Para el brasileño y prolífico hombre de letras Glauco Mattoso (que no era su verdadero nombre sino un juego negro de palabras a partir de “glaucoma”, la enfermedad que lo dejó ciego en 1995), la potencia queer de su pluma y su mote de poeta maldito derivaban indirectamente de su gusto por los pies masculinos. ¿Y de dónde venía su podolatría? Según él, de su progresiva ceguera y de un episodio traumático de su niñez nerd. La falta de visión lo había obligado a profundizar sus capacidades olfativas. De ahí, una mitad de la explicación de su fetichismo por los pies sudorosos. A la otra mitad hay que ir a buscarla a un episodio de bullying de su infancia: una escena en la que los agresores de su misma edad lo forzaron a lamer zapatos y pies y orinaron en su boca.

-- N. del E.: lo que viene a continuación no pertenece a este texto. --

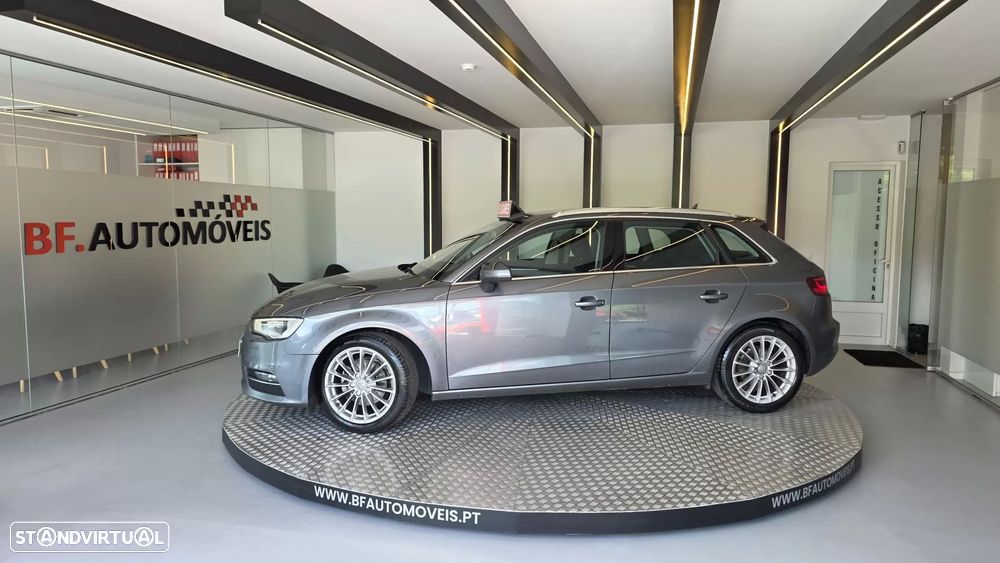 Audi A3 Sportback 1.6 TDI Sport - 13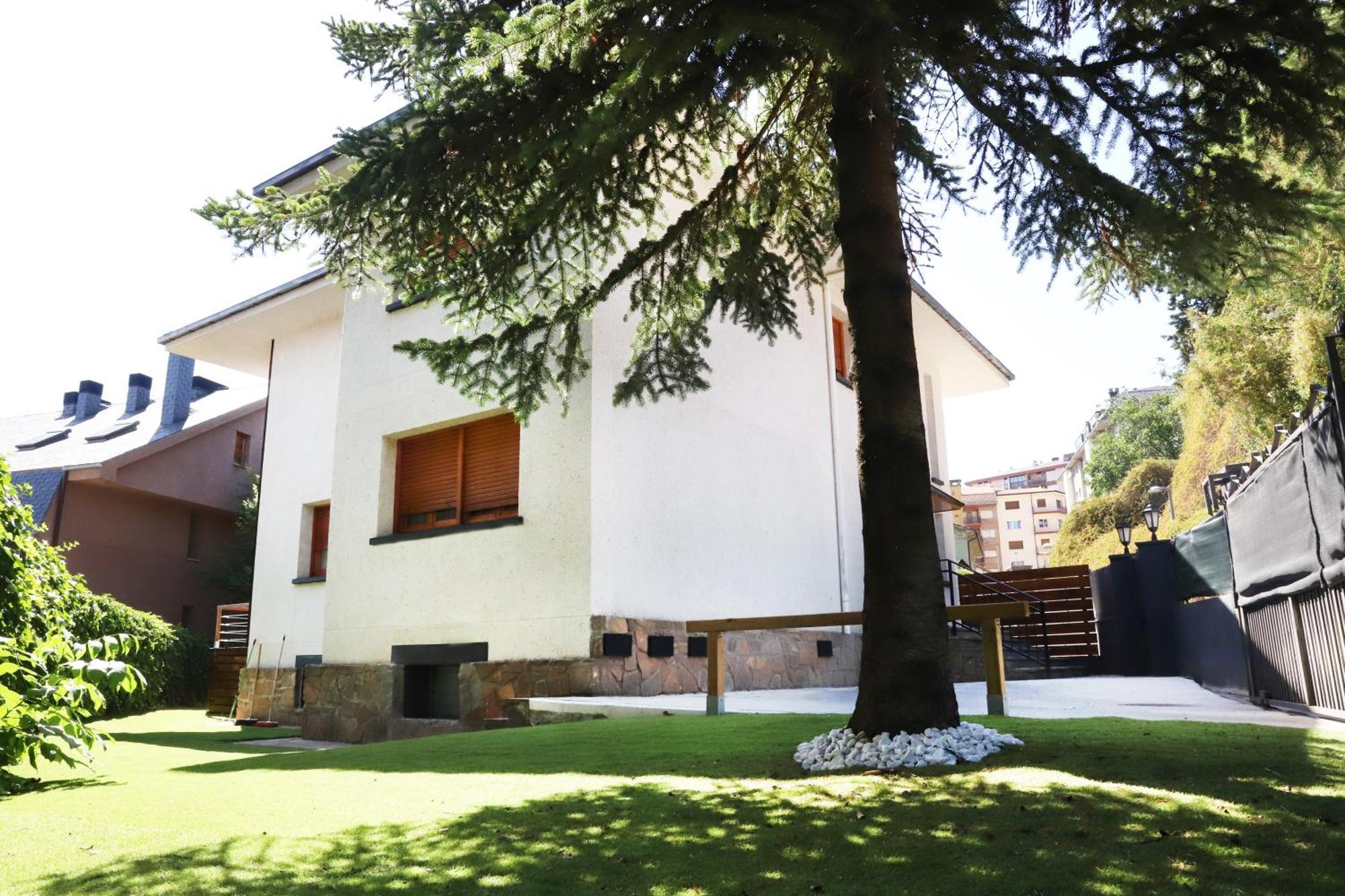 Villa San Lure Хака Екстер'єр фото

Mattoso escribió en 1986 Manual del amante podólotra. Aventuras y lecturas de un maníaco de los pies, un compilado, a medio camino entre la humorada y la prosa autobiográfica, sobre su propia podofilia. Allí cruzaba sus fantasías con anécdotas escatológicas y anticlericales. No faltaba la sátira porno desbordante de incorrección política (se apropiaba, por ejemplo, de textos no necesariamente literarios en clave de amante de pies, al punto de atreverse a reescribir testimonios de torturas incluidos en el “Nunca más” en clave podólatra). Y también toda una serie de consejos útiles para sobadas de dedos, lecturas recomendadas y tips del buen podólatra. El tono paródico no le restaba legitimidad a su defensa del olor a pata, según Mattoso, un potencial y subversivo desactivador del paradigma de la higiene y la asepsia. En su manual, Glauco incorporaba el argot urbano brasileño al tiempo que proscribía el sexo limpio. Sus preferencias amatorias detalladas en el manual le abrían la puerta a la sexualidad no genital. En el libro difundía, como publicidad-trampa para todo joven con curiosidad, un volante que detallaba los beneficios para el cuerpo y el alma de la técnica erótica de su autoría: el masaje linguopedal. Perlongher escribió el epílogo del manual: “El deseo del pie”. Allí trazó una línea entre el olor a queso y la irreverencia de este fetiche kitsch: “No es un mero fetiche para Glauco el olor a pies. No es algo frío e inerte para prender artificialmente el deseo de las fantasías frustradas. Más que la suciedad reciente, más que la humedad del sudor, el vestigio más palpable del erotismo era el olor, la unión espiritual y el deseo del cuerpo entero”.